Confessions of a Wayward Academic exposes the reader to the raw realities of doing public policy as opposed to merely studying it. Corbett celebrates his professional life in the world of policy as an exhilarating adventure, both challenging yet totally rewarding. He tells his story in the welfare and poverty policy trenches with a deft and light touch, bringing the characters and events to life with wit, wisdom, and sensitivity. While it reads much like a novel, this work exposes readers to the intimate complexities of realizing political and policy change from a perspective few can experience. It is an accessible journey that all who care about our nation and about our most vulnerable citizens should take.

PREFACE
Real knowledge is to know the extent of one’s ignorance.
—Confucius
In 2014, I wrote Browsing through My Candy Store, a memoir of my career practicing the public policy arts. That book, though enjoying modest sales at best, was well received by members of the academy, by those members of the public who stumbled upon this gem, and by so-called book scouts who ferret out literary finds. That pleased me greatly. My intent was to develop a crossover work that might bridge both the real and the academic worlds. I tried to avoid being so technical that the average reader risked being driven into a deep coma. That is an unfortunate condition I too often witnessed among my university students, especially the undergraduates I taught in early-morning required courses.

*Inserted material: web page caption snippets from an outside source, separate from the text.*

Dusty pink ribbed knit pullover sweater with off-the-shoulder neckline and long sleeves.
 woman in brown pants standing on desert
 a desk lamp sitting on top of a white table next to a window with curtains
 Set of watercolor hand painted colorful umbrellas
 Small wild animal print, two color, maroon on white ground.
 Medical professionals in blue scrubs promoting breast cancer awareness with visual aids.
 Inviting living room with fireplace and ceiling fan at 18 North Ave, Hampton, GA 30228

More than once, I called in paramedics to check for signs of life among the apparently lifeless forms sitting in front of me. Chastened by such near-death experiences, among my hostage-like students at least, it became my firm conviction that works of substance do not have to be dreary tomes. In fact, one of my more enduring life goals has been to bring some wit and savoir faire to a policy world normally infused with way too much angst and anger. I think I may just have accomplished that in these pages though, in the final analysis, only the reader can judge my success or failure in that regard.
Still, why republish an updated version of Browsing? Three reasons: First, the initial effort was not well-marketed, something we hope to remedy this time around. Second, during the summer of 2017, I began receiving numerous phone calls from assorted marketing and publishing firms saying that book scouts loved the work while offering to help push Browsing in the marketplace. One caller breathlessly informed me that Browsing had scored a 90 percent mark in originality—whatever that means. Third, much has changed in the policy world over the past four years, especially at the national political and policy levels. I welcome the opportunity to comment on the dire public policy environment we now confront.

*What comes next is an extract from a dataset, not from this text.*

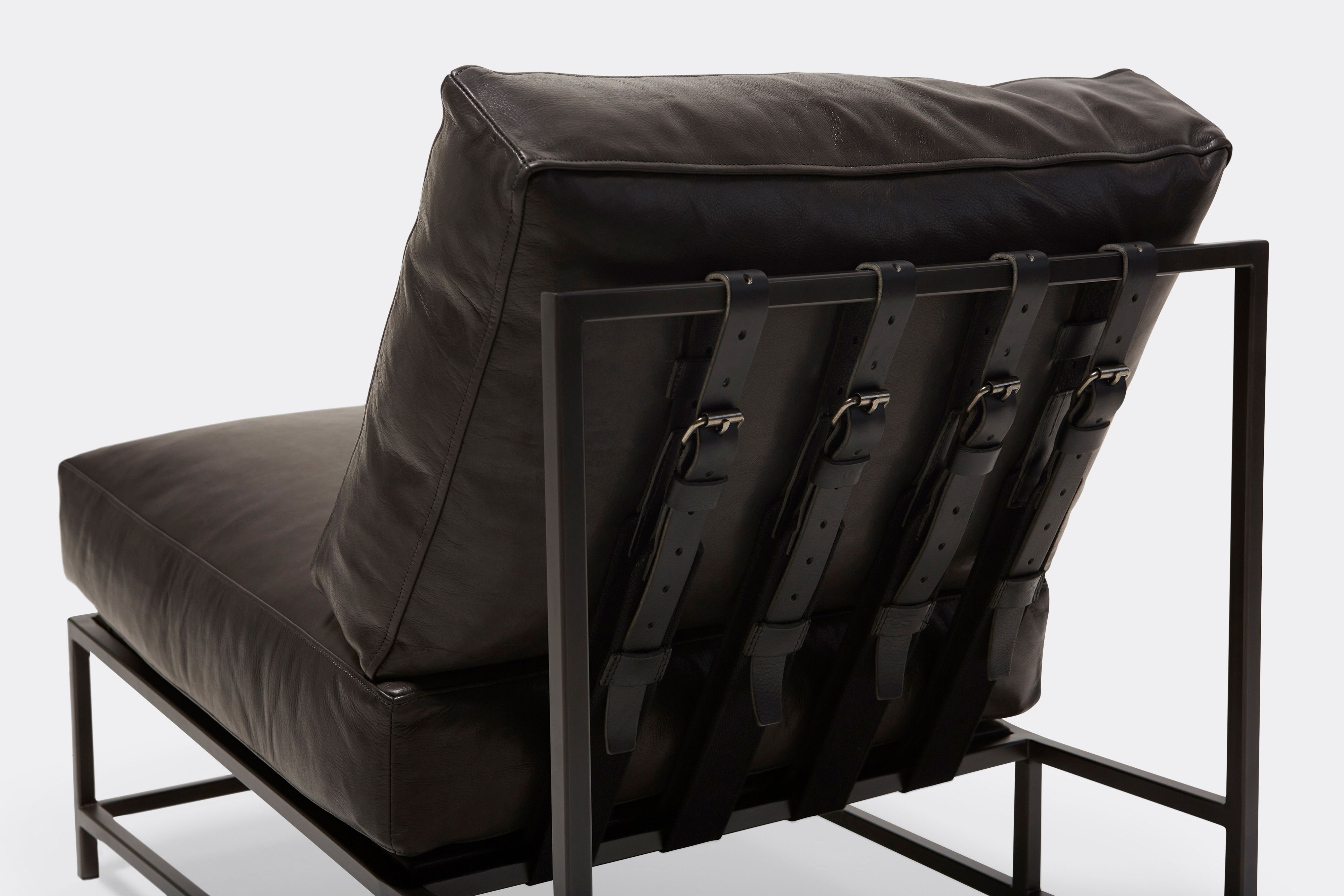 Back of lounge chair with black leather upholstery and black leather belts on black metal frame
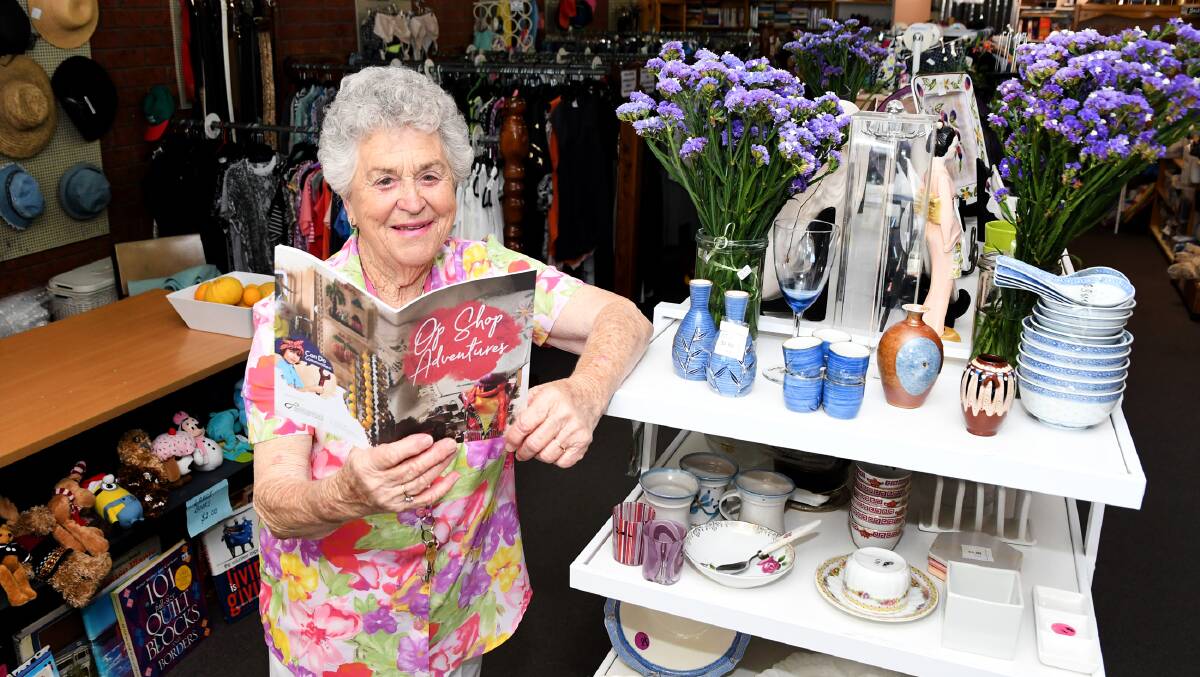 TREASURES: Horsham's Wimmera Base Hospital Ladies Auxiliary Op Shop volunteer Beryl Kemp with a copy of the Op Shop Adventures book. Picture: SAMANTHA CAMARRI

The original work did not materialize out of thin air. Rather, the birth of my professional memoir was the result of a rather fascinating gestation period. Over the Memorial Day weekend in May of 2009, Peace Corps (PC) volunteers from what was known as the India-44 group gathered in Oakland, California. It was the fortieth anniversary of our return home from service in either Rajasthan or Maharashtra, two provinces located in the western part of India. Whatever our expectations might have been, the reality of the get together proved remarkably personal and rewarding.

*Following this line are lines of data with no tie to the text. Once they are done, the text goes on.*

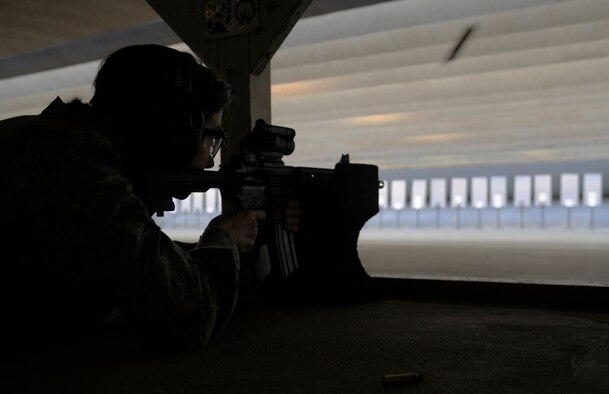 Airman 1st Class Jennifer Boll, 509th Contracting Squadron, fires during a combat arms training and maintenance qualification course at Whiteman Air Force Base, Mo., Nov. 1. Boll, and others in her class, was the first to shoot at the newly renovated firing range. The range opened with new sound barriers, a bullet trap and ventilation system and target holders.(U.S. Air Force photo/Senior Airman Cody H. Ramirez) (Released)
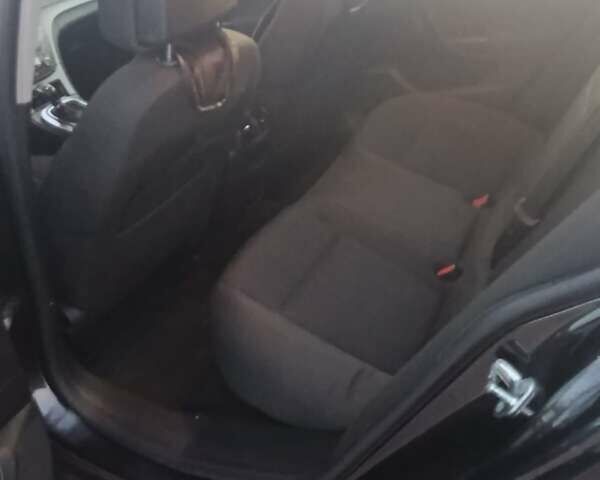 Чорний Опель Інсігнія, об'ємом двигуна 2 л та пробігом 242 тис. км за 6500 $, фото 4 на Automoto.ua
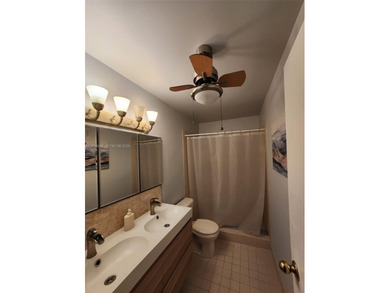 Wake up every morning to a serene golf course and water views in on Pine Island Ridge Country Club in Florida - for sale on GolfHomes.com, golf home, golf lot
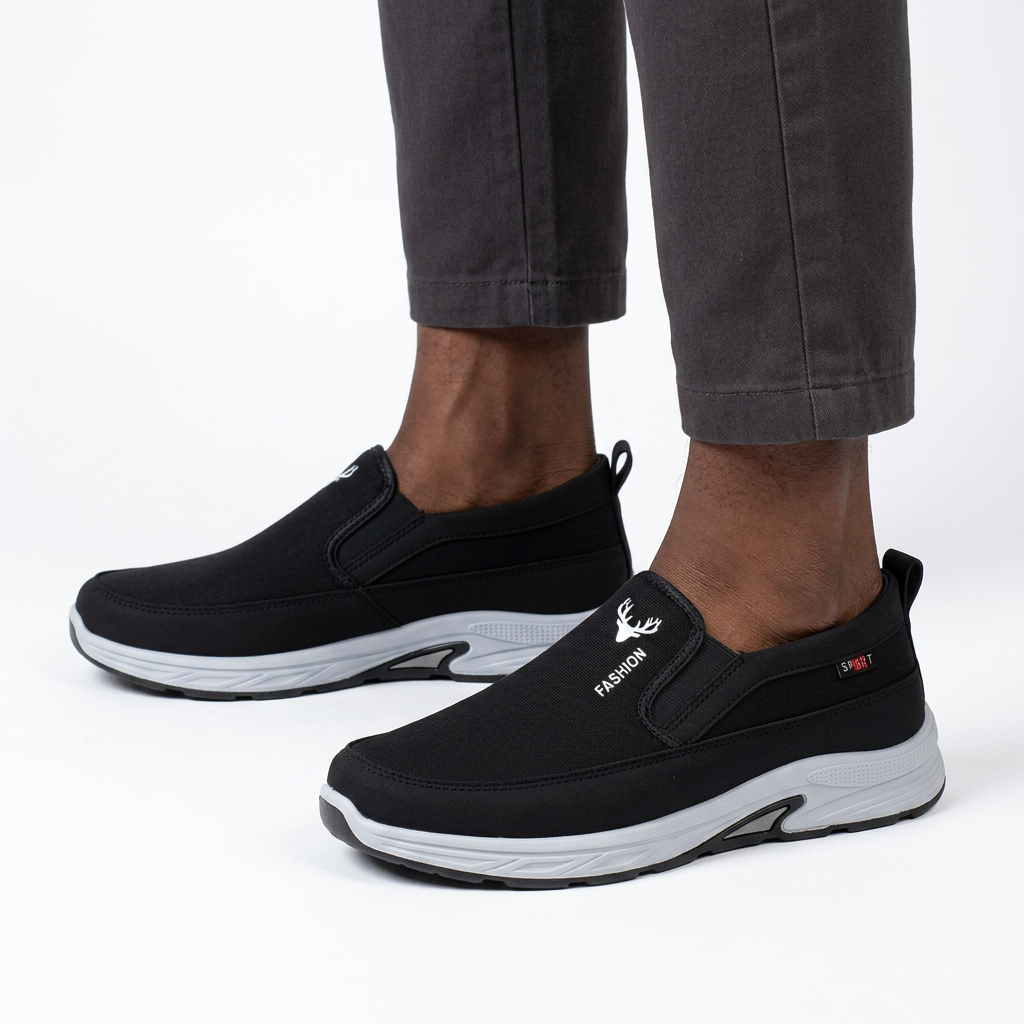 Black slip-on shoes worn on both feet by a Black male model on white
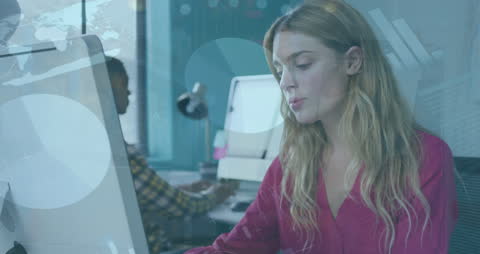 Businesswoman Analyzing Data on Computer in Modern Office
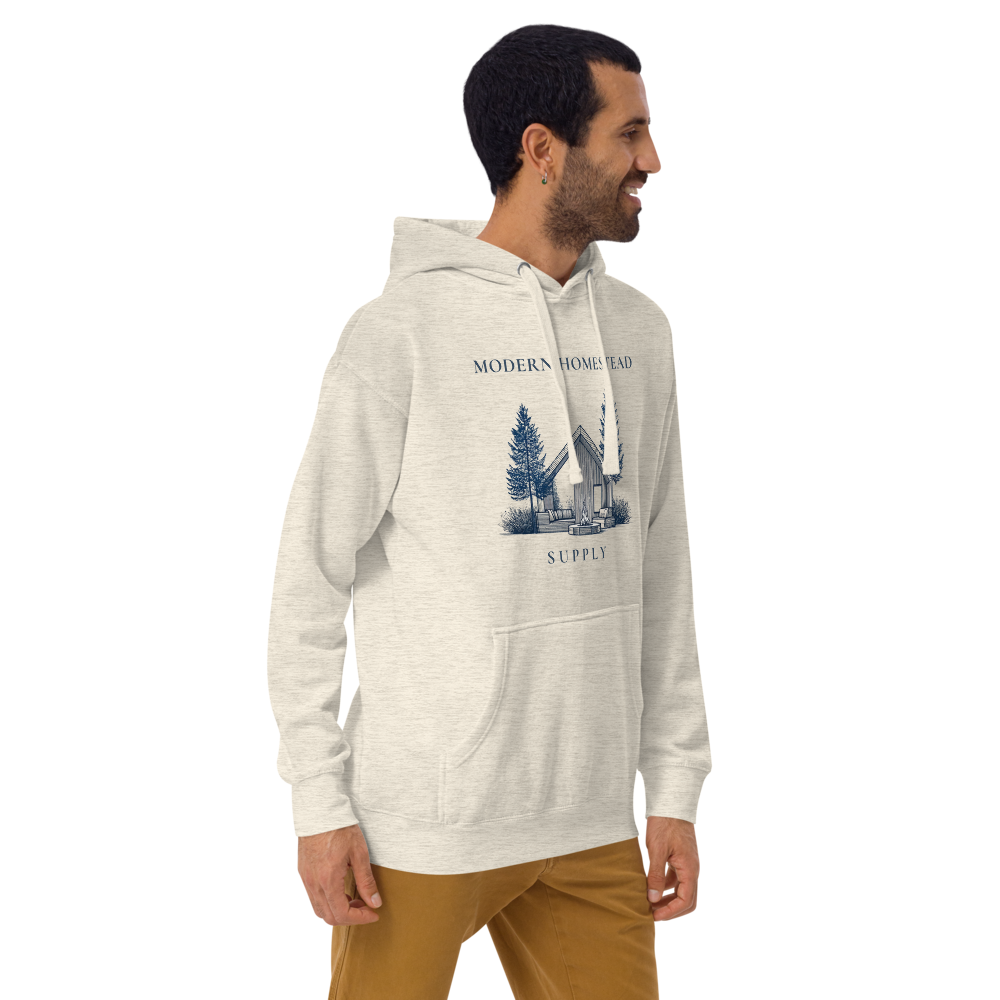 Man wearing a gray hoodie with a graphic design on a white background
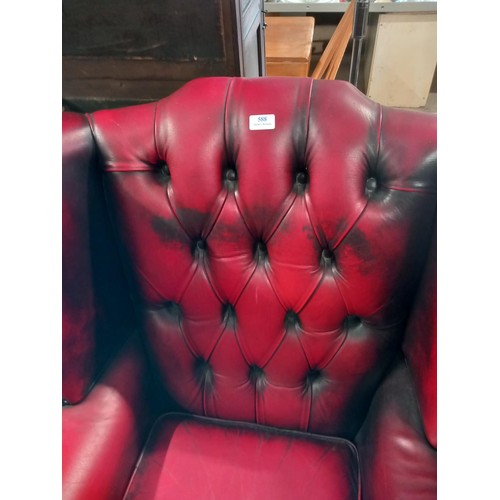 588 - Red leather wing back chair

This sharing of experiences and feelings evoked memories and emotions long muted by time and the demands of our frantic lives. Those of us who wished would put thoughts and reflections to paper—what brought us to Peace Corps; what we experienced during training and service; how those experiences shaped our subsequent life; and what those subsequent lives looked like. These reflections served as a kind of palimpsest that uncovered a deeper set of memories for me and the others. Each specific recollection serving as a source for images and feelings long buried under the detritus of a life long-lived, if not well-lived.
Then it hit me. With a modest, or not so modest, expansion of effort and a slight alteration of focus, my India reflections could serve as inspiration for Tom’s scintillating story as a policy guru or, as I prefer to say, a policy wonk. Such a narrative would surely compete on any futility scale with my fanciful efforts to single-handedly turn India into a developed country way back in the 1960s. With the right marketing, I might be able to hawk this rendition of my professional experiences to the Pentagon, perhaps as an insidious instrument of torture. Employed with sufficient care, my years in the trenches might replace the infamous waterboarding technique that fell into such disrepute after Vice President Cheney left office.
I often have ideas, however, which excite me in the moment, yet never see the light of day. Perhaps this vision would be another of those. I was blessed, though, when a couple of people inadvertently pushed me along. One was Michael Simonds, one of my Peace Corps colleagues who helped in developing the two volumes capturing our experiences in India. Michael also wrote a set of personal reflections, one based on his triumphs and tragedies (mostly the latter, in his view) with the women he met through online dating services after his divorce. He asked me to read an early draft, which I found moving, sometimes sad, occasionally humorous, but always entertaining. This is good stuff, I thought.
Besides, I am eternally grateful for the way Michael pictured me in a chapter of his draft that went all the way back to our final Peace Corps days. He apparently despaired of lucking out with some of the PC gals at a final “going home” party in New Delhi. Unbelievably, he feared competition from me for the affections of the young ladies. He went on to describe me as “tall and dark, with the rugged good looks of someone who could adorn the cover of a romance novel.” Of course, this was just hours before it was discovered that he had a detached retina and was whisked off to a U.S. military base in Germany for emergency eye surgery.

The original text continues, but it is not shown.